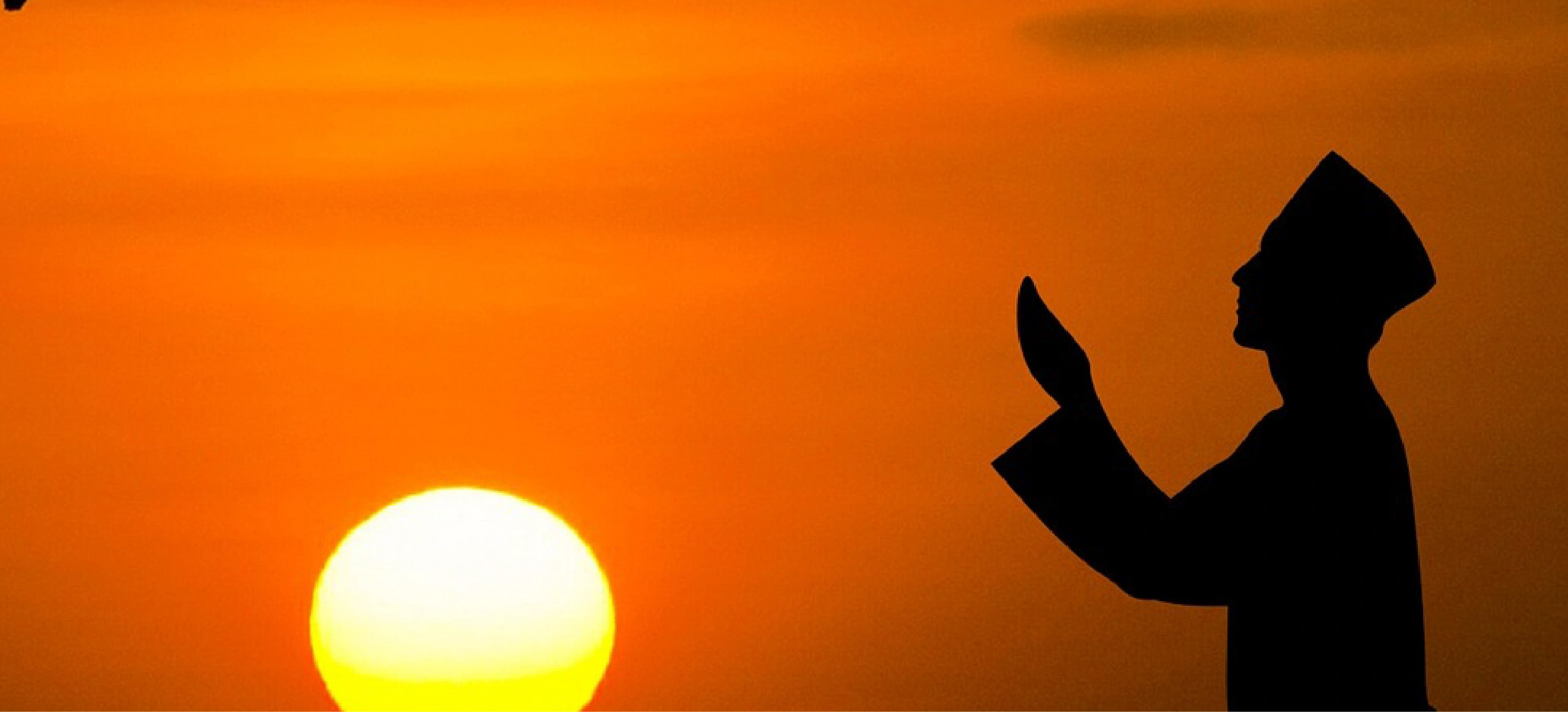 Silhouette of a person praying at sunset with hands raised against an orange sky.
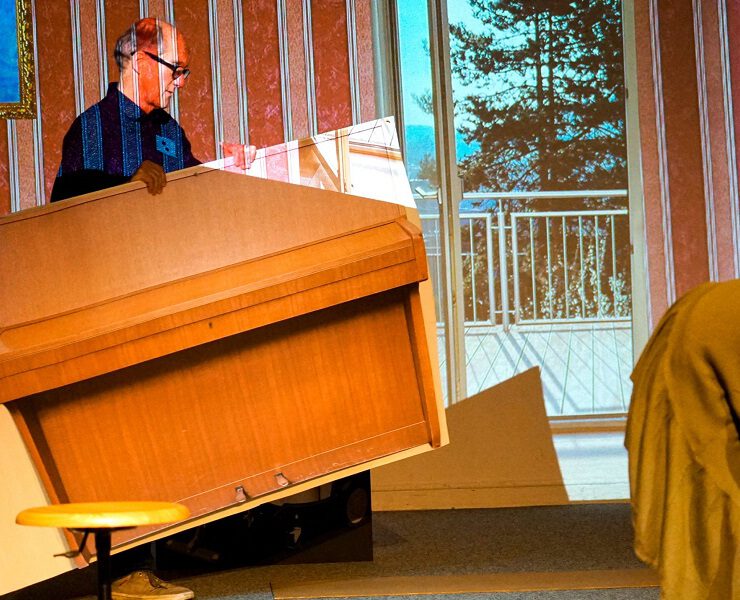 Ein Mann trägt ein übergroßes, kartoniertes Klavier auf der Bühne, daneben eine in Stoff gehüllte Figur. Szene aus dem Nachmittagstheater in der Kulturhalle Süßen mit surrealem Humor.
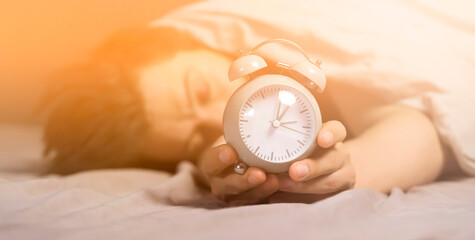 Hands of a young man from under the blankets hold a retro vintage alarm clock in gray. The person...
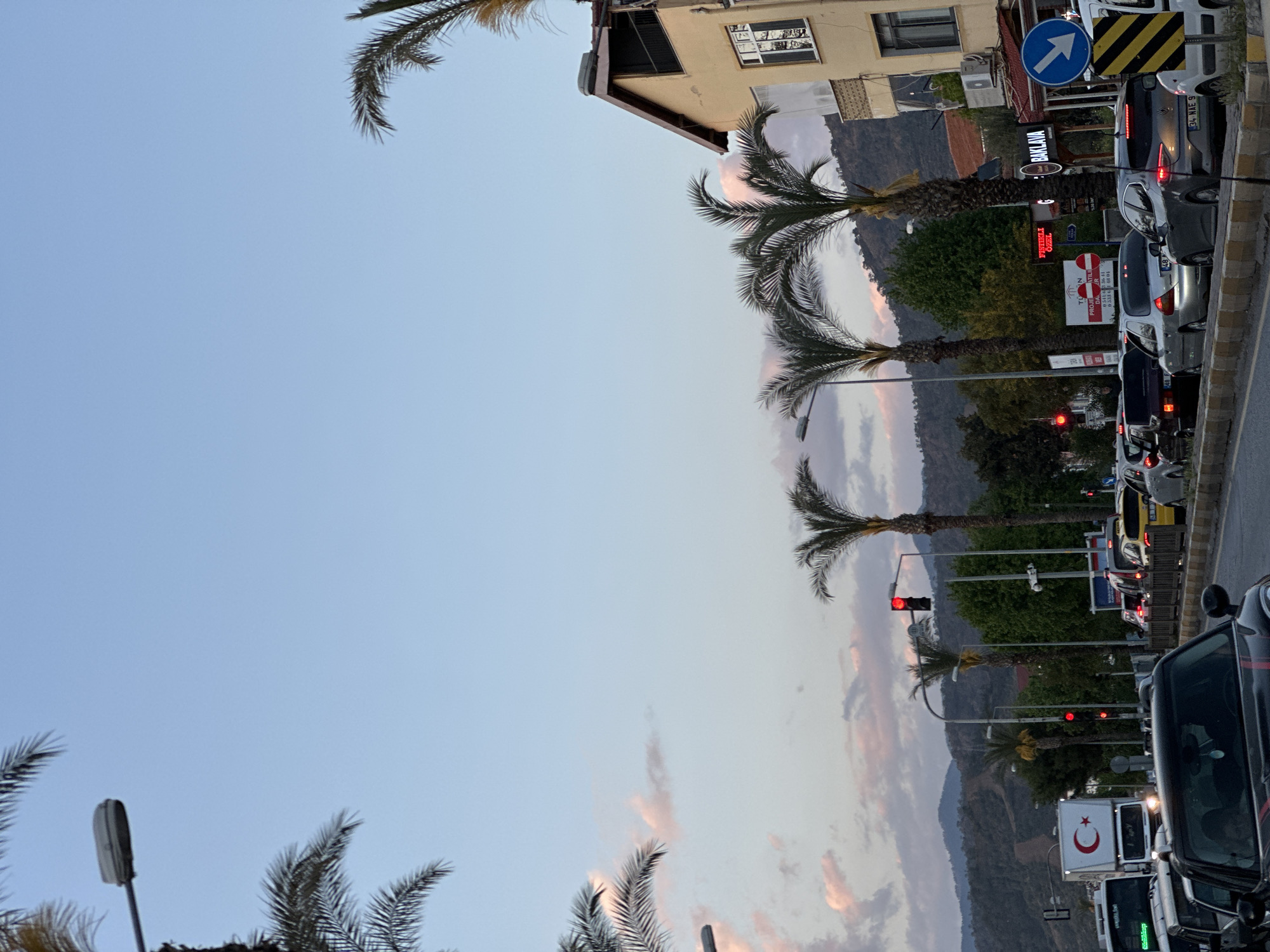 The image shows a street scene in Fethiye, Turkey. The sky is light blue with some clouds. Palm trees line the street, and cars are parked in a long line. A traffic light is visible, with a red light illuminated. The sign "BAKLAVA" is present, indicating a shop selling Turkish desserts. Other signs with Turkish text are visible, including "FISTIKLI ÖZEL" and "PROJE ATILI". A white vehicle with the Turkish flag is also seen. The background includes mountains and buildings.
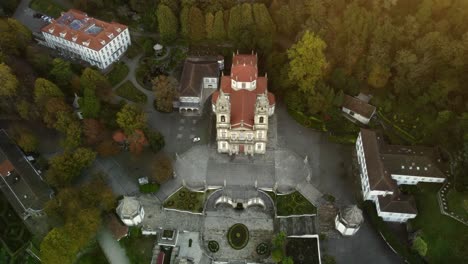 Aerial-drone-footage-braga-Portugal-sanctuary-Christian-cathedral-Jesus-do-Monte-in-the-evergreen-forest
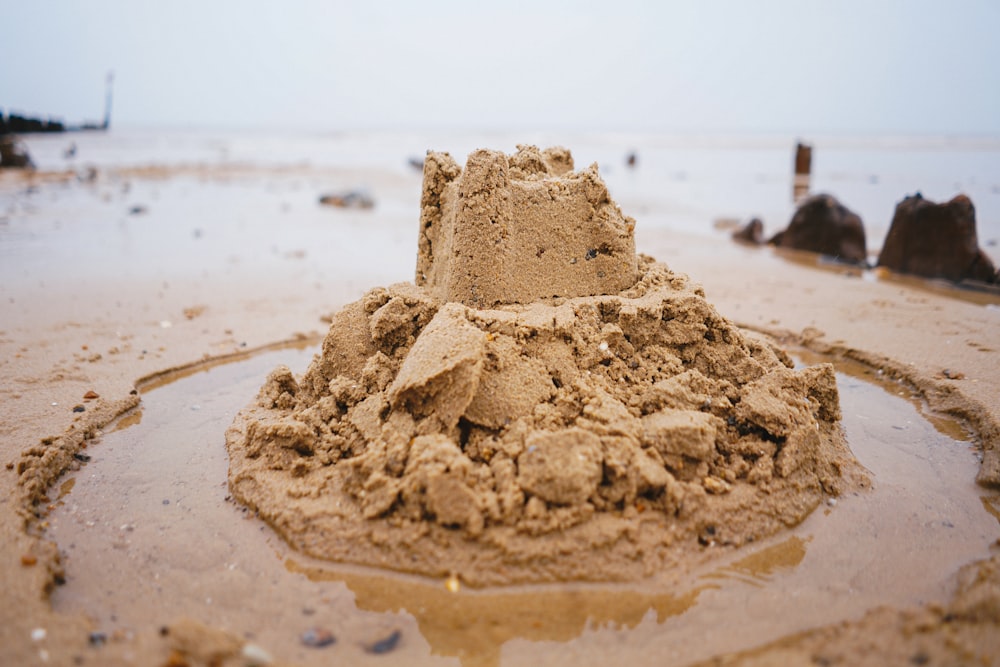 brown sand on beach during daytime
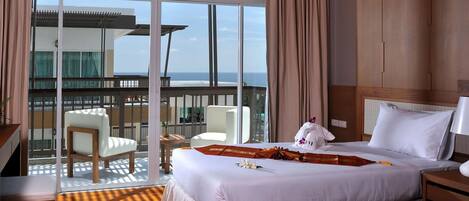 Quarto de hotel com uma cama grande, uma mesa, uma cadeira e varanda com vista para o mar.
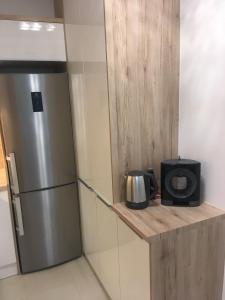 Kuchyňa alebo kuchynka v ubytovaní SUN-DIAL APARTMAN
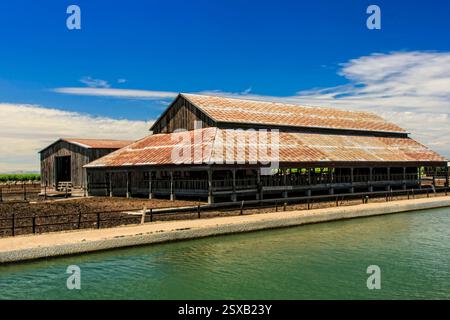 Grange avec un toit rouge et une clôture verte. La grange est à côté d'un plan d'eau Banque D'Images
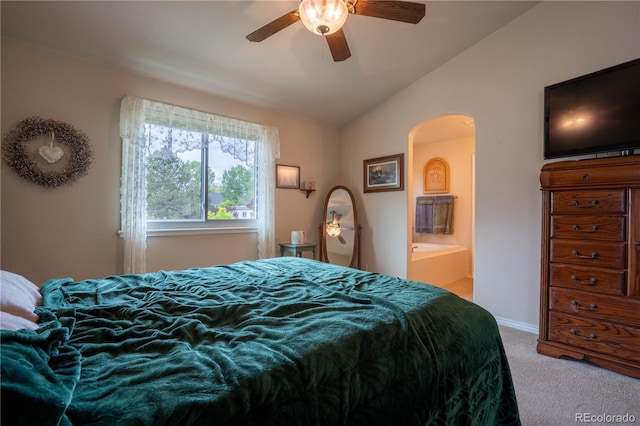 bedroom with carpet floors, arched walkways, lofted ceiling, ensuite bathroom, and a ceiling fan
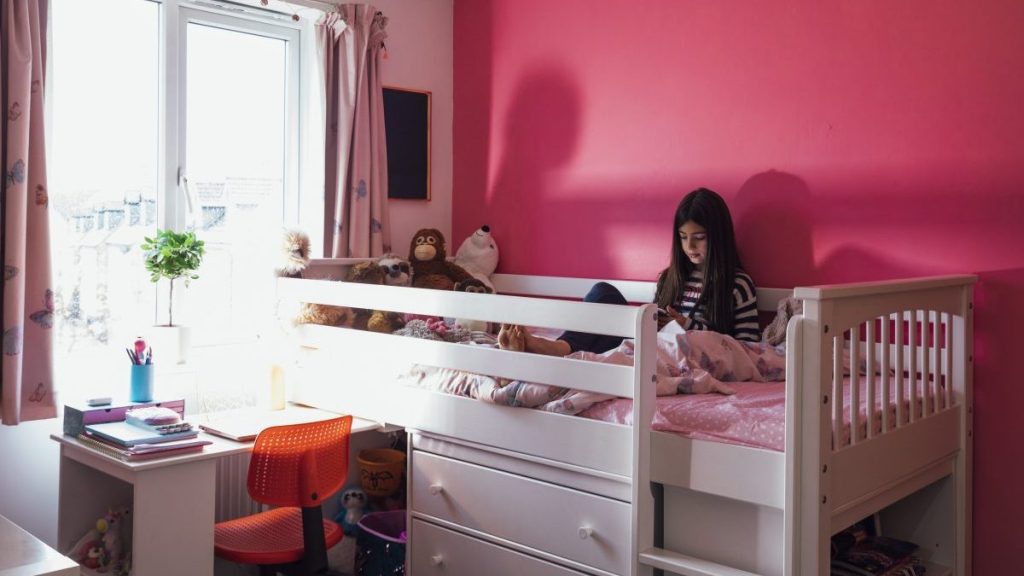 A little girl sitting in her princess pink bedroom in the North East of England engrossed in her phone on her elevated bunk bed chatting with friends using her mobile phone.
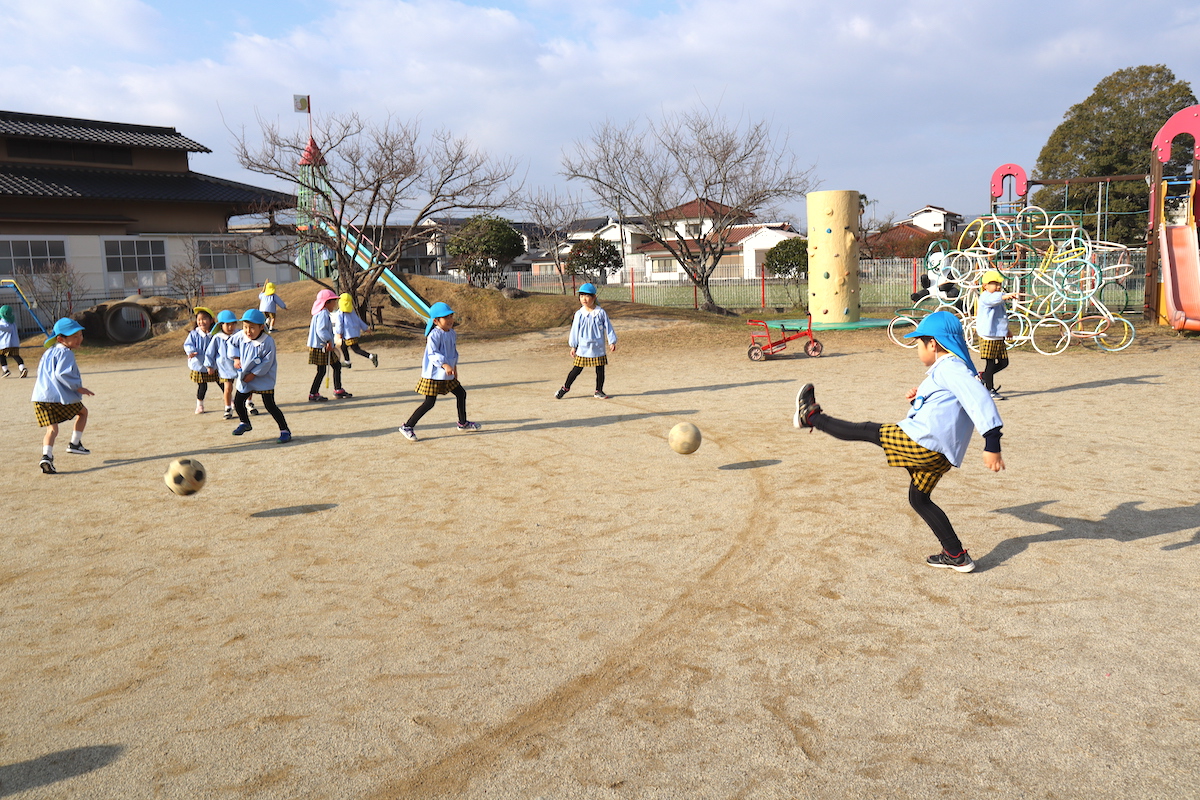 広い園庭で、ボールを追いかけて走りまわる子どもたち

• _Try it_
All entries above must be printed again verbatim, with images excluded.

• _Response to the task_
 Silhouette of a person praying at sunset with hands raised against an orange sky.
 Ein Mann trägt ein übergroßes, kartoniertes Klavier auf der Bühne, daneben eine in Stoff gehüllte Figur. Szene aus dem Nachmittagstheater in der Kulturhalle Süßen mit surrealem Humor.
 Hands of a young man from under the blankets hold a retro vintage alarm clock in gray. The person...
 The image shows a street scene in Fethiye, Turkey. The sky is light blue with some clouds. Palm trees line the street, and cars are parked in a long line. A traffic light is visible, with a red light illuminated. The sign "BAKLAVA" is present, indicating a shop selling Turkish desserts. Other signs with Turkish text are visible, including "FISTIKLI ÖZEL" and "PROJE ATILI". A white vehicle with the Turkish flag is also seen. The background includes mountains and buildings.
 Aerial-drone-footage-braga-Portugal-sanctuary-Christian-cathedral-Jesus-do-Monte-in-the-evergreen-forest
 brown sand on beach during daytime
 Quarto de hotel com uma cama grande, uma mesa, uma cadeira e varanda com vista para o mar.
 Kuchyňa alebo kuchynka v ubytovaní SUN-DIAL APARTMAN
 Grange avec un toit rouge et une clôture verte. La grange est à côté d'un plan d'eau Banque D'Images
 bedroom with carpet floors, arched walkways, lofted ceiling, ensuite bathroom, and a ceiling fan
 A little girl sitting in her princess pink bedroom in the North East of England engrossed in her phone on her elevated bunk bed chatting with friends using her mobile phone.
 広い園庭で、ボールを追いかけて走りまわる子どもたち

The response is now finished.